BlackBerry Playbook: How did Research in Motion lose its way? - aarghh
http://www.slate.com/id/2291255/
======
nextparadigms
It was a classic disruption innovation case. Anyone who knows what that means,
they would've known that RIM and Nokia will be in trouble ever since the first
iPhone came out.

But specifically, RIM is in trouble because either they didn't see the
industry change towards touchscreen devices fast enough, or they didn't care
until recently. Why wouldn't they care?
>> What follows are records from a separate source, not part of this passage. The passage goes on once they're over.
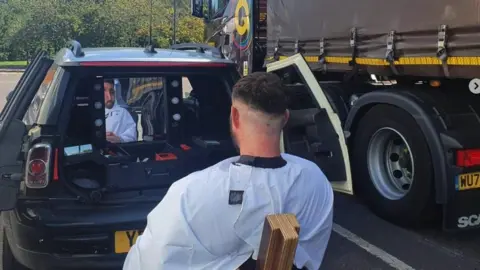 dooo Man getting a hair cut in car park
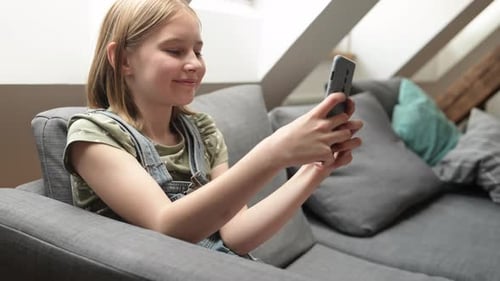 Smiling Child Using Smartphone on Couch at Home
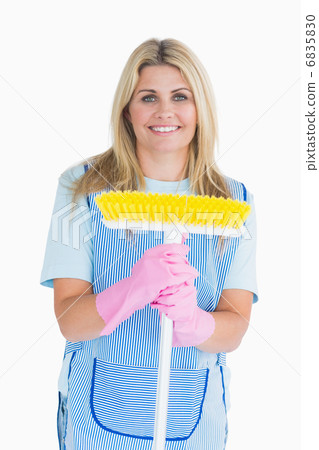Cleaner woman holding a broom 6835830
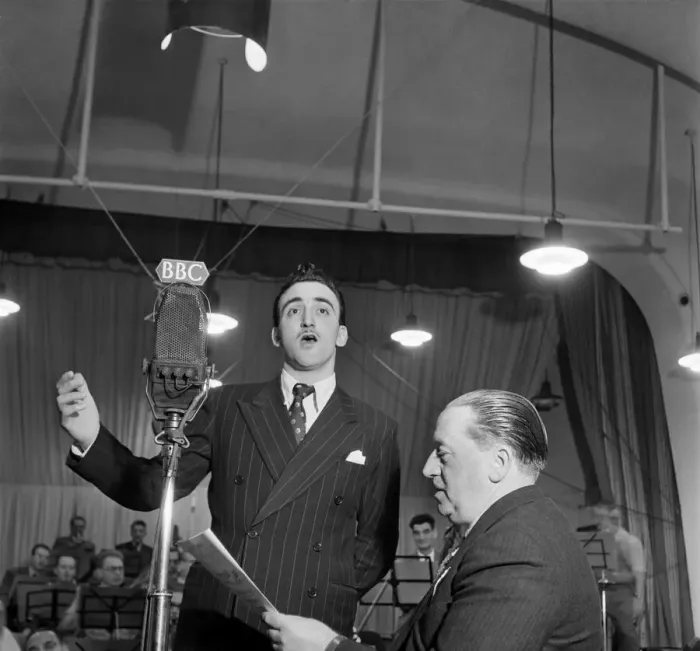 Framed Print : BBC Producer Leslie Bridgemont holds the songsheet for the Singing Waiter as he sings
Because until recently their
financials were reaching records after records, and they thought that's the
only metric for the company's future success. "Hey, why would we ever change
when we're making so much money with out old ways?". The problem is disruptive
innovations and market shifts like these are very misleading for incumbents.
The disruptive products don't start hurting the incumbent's financials until
it's already too late to change. That's why they have to start changing fast
as soon as they notice the change catching on in their industry, even if they
are making a lot of money from the old way.

------
bambax
> _Research in Motion's new tablet is a misguided mess. First, a confession: I
> haven't used the BlackBerry PlayBook yet. (...) Reviewers who have gotten
> early access to the PlayBook have been almost universally puzzled by how
> half-baked it is._

Oh, thanks for the disclosure. But why don't you just shut up and wait until
you have something genuine to say, instead of mulching others' opinions??